The Frans Hals Museum is a museum located in Haarlem, the Netherlands.

The museum was established in 1862. In 1950, the museum was split in two locations when the collection of modern art was moved to the Museum De Hallen (since 2018 called Hal). The main collection, including its famous 17th-century Frans Hals paintings, for which the museum is named, is located in the former Oude Mannenhuis on the Groot Heiligland.

The museum was founded in 1862 in the newly renovated former Dominican church cloisters located in the back of the Haarlem city hall known as the Prinsenhof, and when it needed more space, it moved to the recently vacated location of the town orphanage in 1913.  The collection is based on the large number of paintings owned by the City of Haarlem, which includes over 100 artworks seized from Catholic churches in the 1580s after the Protestant Reformation, and Haarlem art rescued from demolished local buildings from the 15th century onwards.

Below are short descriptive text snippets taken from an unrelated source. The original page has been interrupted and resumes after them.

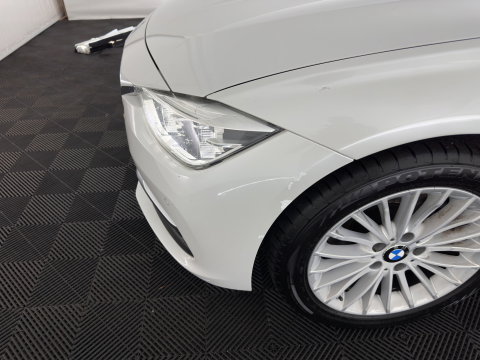 BMW 3 Serie Touring 318i Luxury Edition (INCL-BTW) Aut. *PANO | LEATHER | FULL-LED | HEATED-SPORTSEATS | DIGI-COCKPIT | NAVI-FULLMAP | ECC | PDC | CRUISE | TOWBAR | 17''ALU*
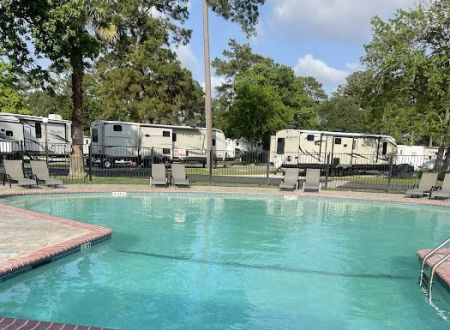 Houston Leisure RV Resort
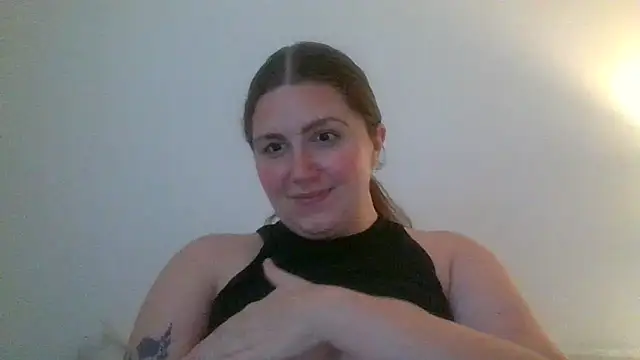 Snapshot of CherryJuneExperience chatting on September 2025 07:40:02 PM CherryJuneExperience online show from September 2025 07:40:02 PM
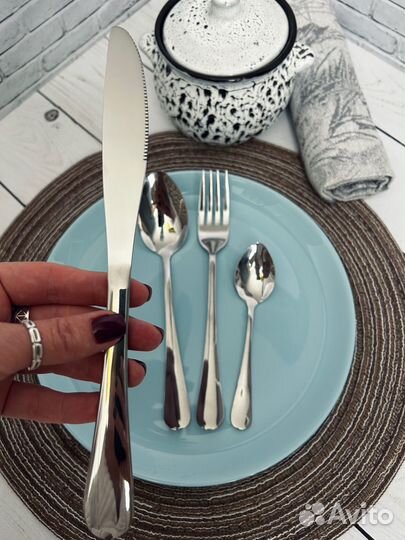 Набор столовых приборов новый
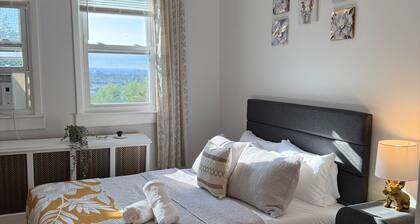 Vibrant 3-BED Stay In Great Neighborhood Near NYC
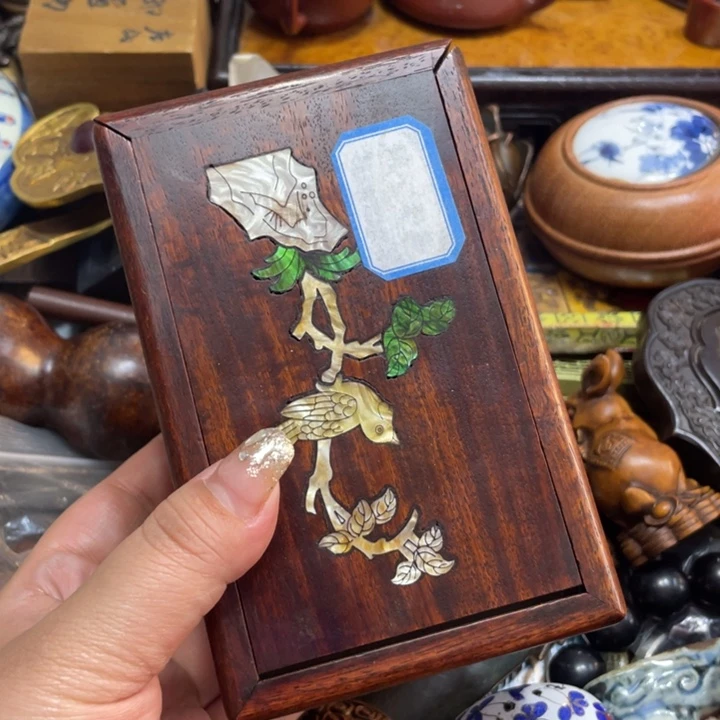 花梨木类端景台陶瓷艺术艺术中心的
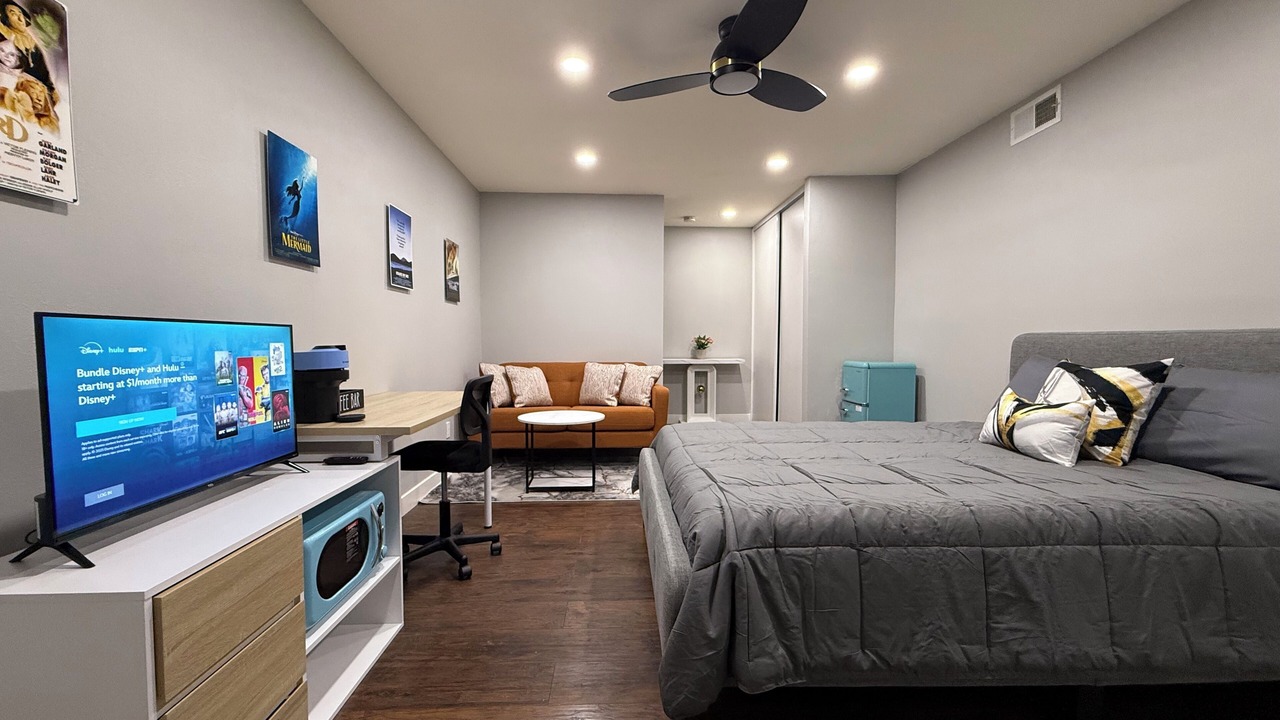 Photo of Bedroom in Duarte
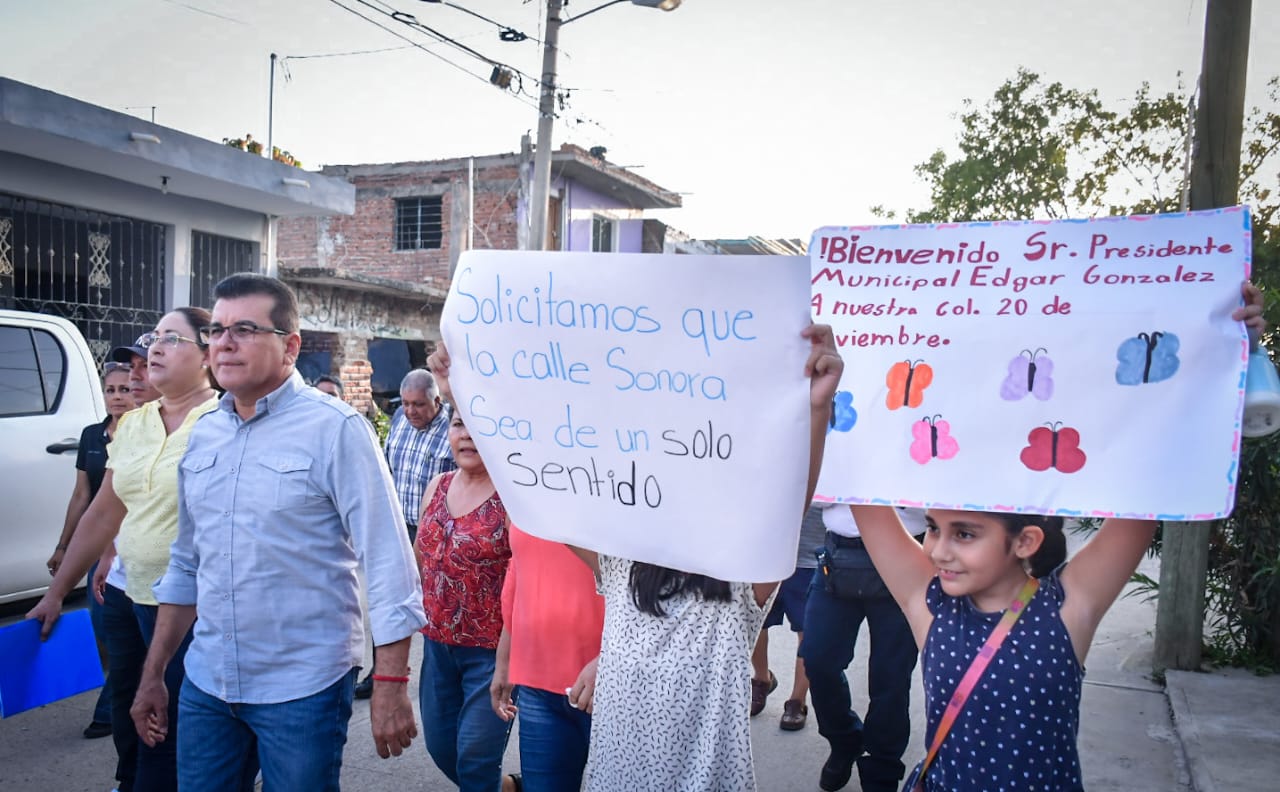 “Tengo 48 años viviendo en esta colonia y ningún presidente había caminado por nuestras calles”, vecina de la colonia 20 de Noviembre.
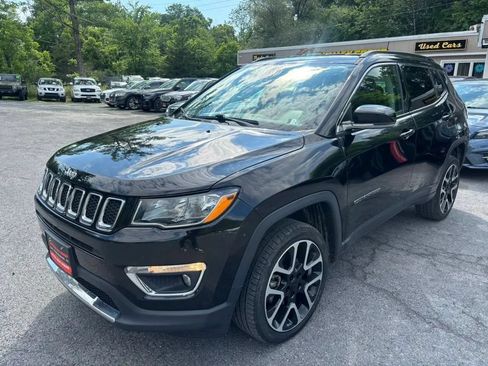 Used 2018 Jeep Compass Limited AWD/4WD image 4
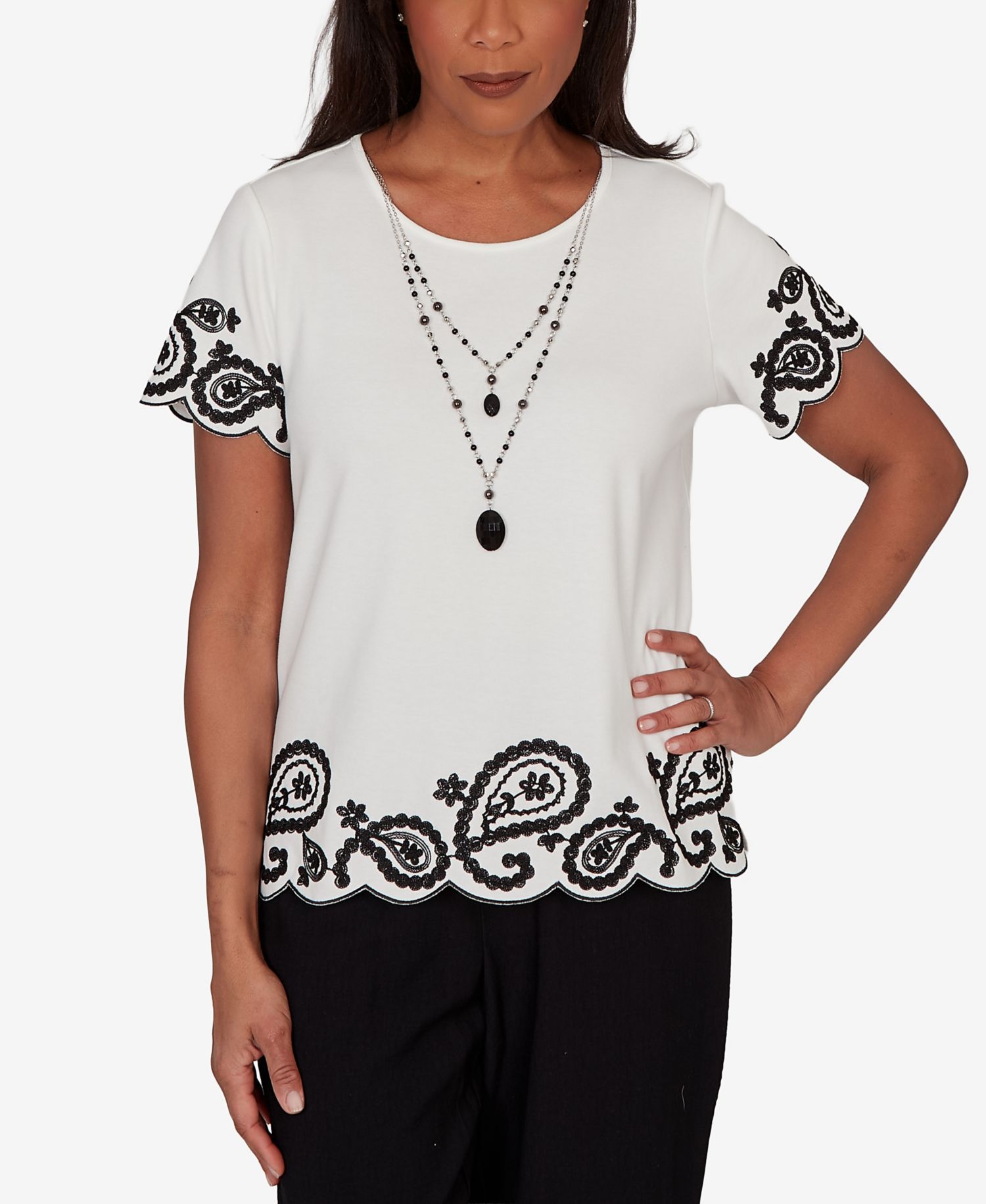 Women's Crowd Pleaser Paisley Border T-Shirt with Necklace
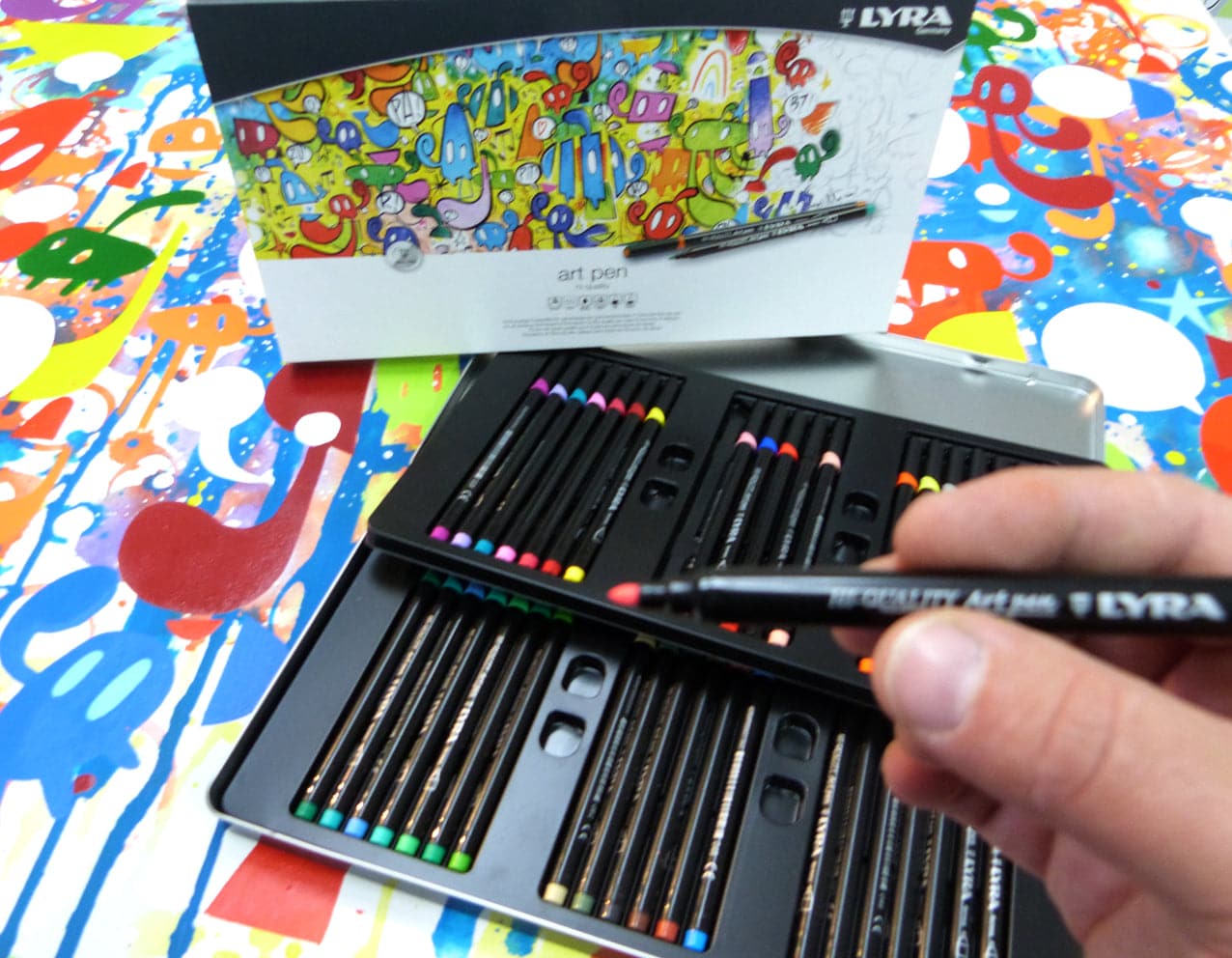 Lyra hi quality art pen tin box of 50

In 2018 the museum re-merged with Museum De Hallen to form a single museum called the Frans Hals Museum with two locations: Hof (located on Groot Heiligland) and Hal (located on Grote Markt).

History of the Old Men's Almshouse 

The Haarlem Oude Mannenhuis was a hofje founded in 1609. The residential rooms were situated around a courtyard in the style of contemporary Haarlem Hofjes. Each of the thirty little houses was inhabited by two men; to be eligible to living there they had to be at least 60 years old, honest Haarlem residents, and single. They were required to bring their own household goods listed as a bed, a chair with a cushion, a tin chamberpot, three blankets, six good shirts and six nightcaps. They were locked in each night at eight o'clock in the summer and at seven in the winter. The residents had to make a weekly collection with a poor-box, and a statue of a man holding this can be seen in the entrance hall of the museum. The old men's home was governed by five regents, whose portraits, painted by Frans Hals in 1664, are on display.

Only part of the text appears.